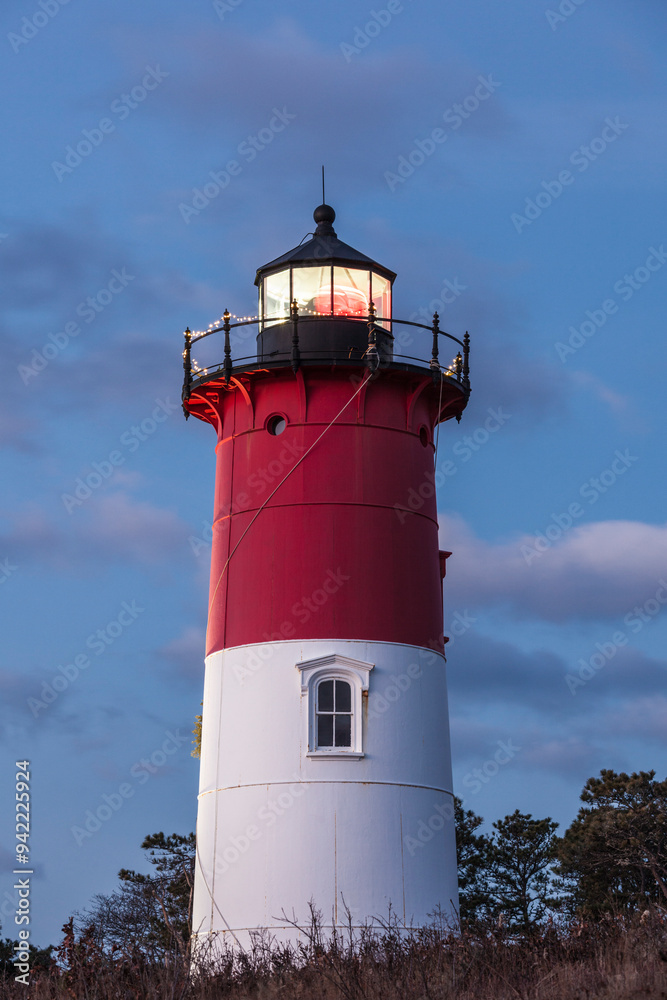 USA, Massachusetts, Cape Cod, Eastham. Nauset Light with Christmas wreath at dawn. USA, Massachusetts, Cape Cod, Eastham. Nauset Light with Christmas wreath at dawn.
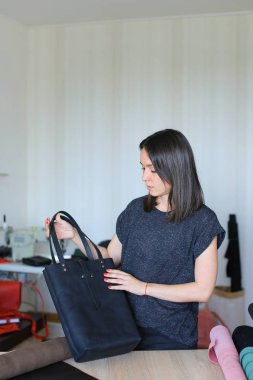 Siyah el yapımı deri çanta, atelier ile duran kadın.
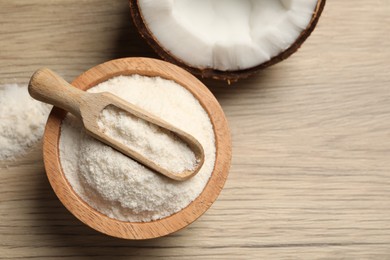 Photo of Fresh coconut flour in bowl, scoop and nut on wooden table, top view. Space for text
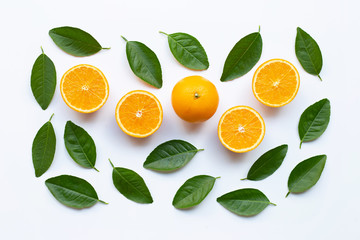 Oranges and green leaves on white background.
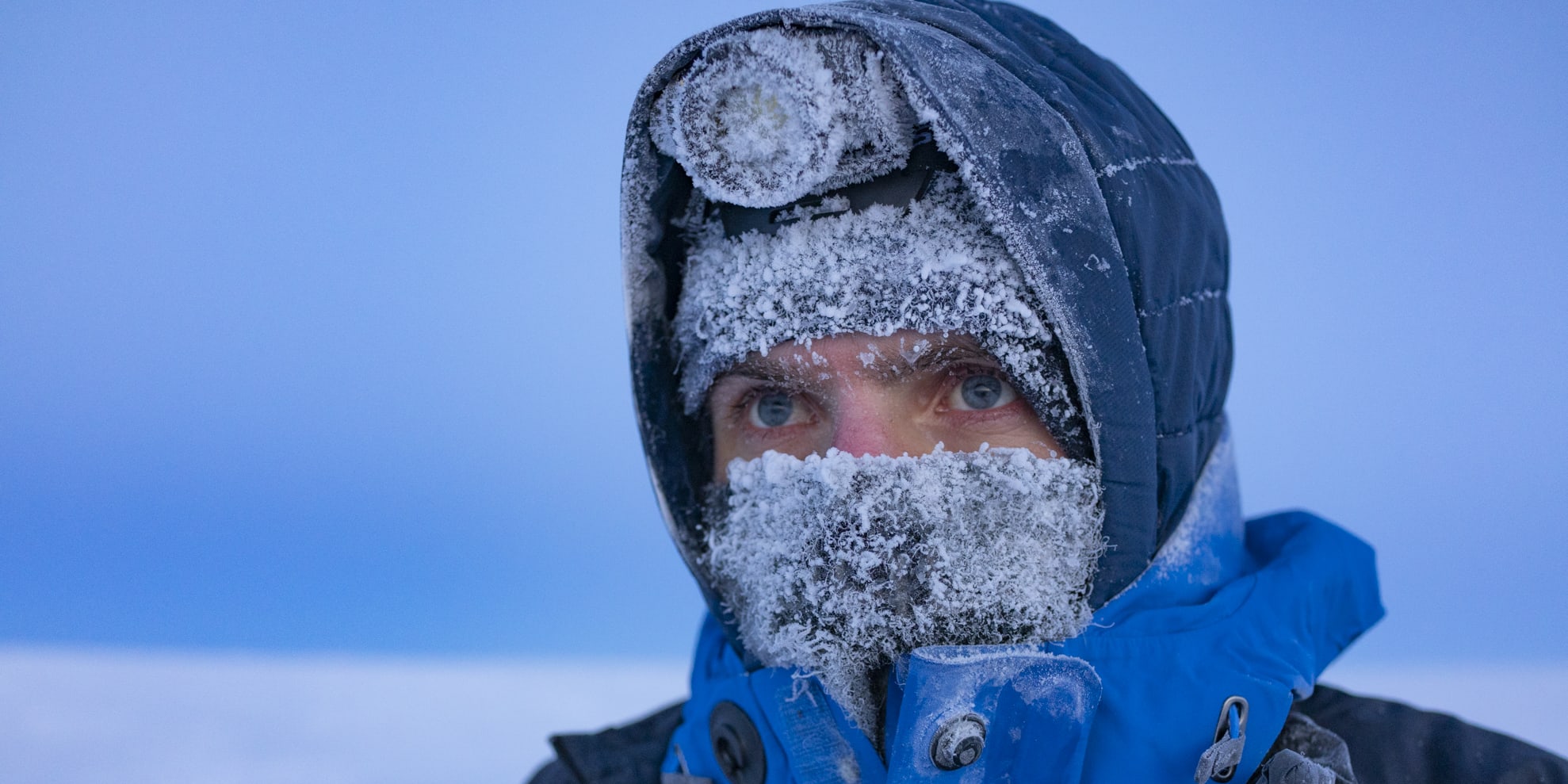 A person wearing a blue Norrøna jacket, hood, and a black Norrøna vest, is covered in frost. Their face is obscured by the frost and their eyes are visible.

* _Prompt_:
Every record is to be repeated exactly, and no picture is carried over.

* _Solution_:
 USA, Massachusetts, Cape Cod, Eastham. Nauset Light with Christmas wreath at dawn. USA, Massachusetts, Cape Cod, Eastham. Nauset Light with Christmas wreath at dawn.
 Siyah el yapımı deri çanta, atelier ile duran kadın.
 Photo of Fresh coconut flour in bowl, scoop and nut on wooden table, top view. Space for text
 Oranges and green leaves on white background.
 A person wearing a blue Norrøna jacket, hood, and a black Norrøna vest, is covered in frost. Their face is obscured by the frost and their eyes are visible.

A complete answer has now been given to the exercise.